Here are ways you can protect your electronic presence:
Set up your computer so that you must enter a password before use. A strong password should:
- Have a minimum length of 9 characters
- Contain characters from at least three of the following groups: uppercase, lowercase, numeric, other characters (such as !, $, #, or %)
- Not contain your first name, middle name, last name, or CalNet ID
- Not contain words from the dictionary, spelled forward or backward
Also set your computer so that the screen “locks”, requiring your password to unlock, after a period of inactivity (20-30 min recommended).
Windows and Mac OS have automatic update features so make sure these are turned on and that you are receiving the latest updates. Many other software programs have a "check for updates" feature – use this feature whenever available. If your operating system or software programs are no longer supported with security updates, it's time to upgrade.
Free anti-virus software is available from Software Central.
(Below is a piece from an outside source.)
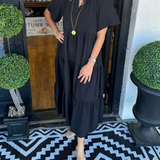 Carlota - Maxi Dress with Movement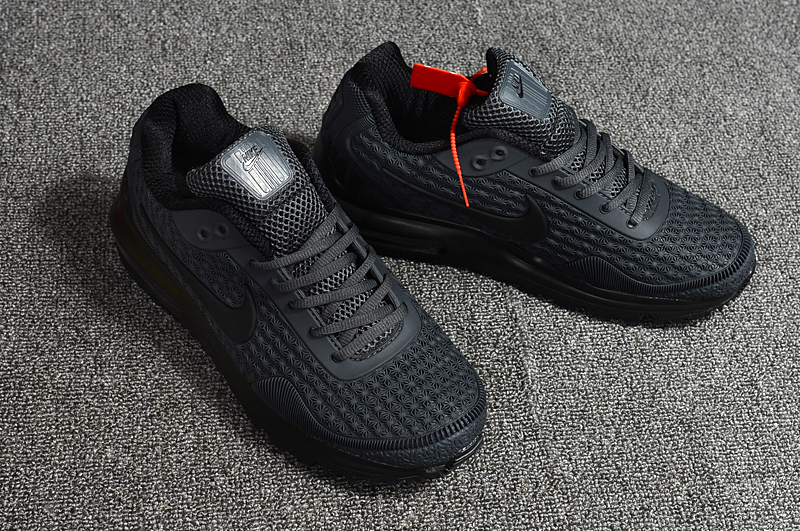 Nike Air Max LTD 3 All Black Shoes - Click Image to Close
Check the date on your virus "definitions" from time to time to make sure it is being updated regularly.
Windows and Mac OS both come with a built-in firewall. A firewall is also included with the Symantec software available for free to the campus. Make sure a firewall is running on your computer and only make exceptions for needed services.
Many computers become infected from visiting infected websites or downloading "free" software from untrusted websites. Risky behavior includes:
- Clicking on links from email or instant messaging (IM)
- Visiting unknown or untrusted sites
- Clicking on or in "pop-up" windows
- Downloading software except from well-known trusted sources.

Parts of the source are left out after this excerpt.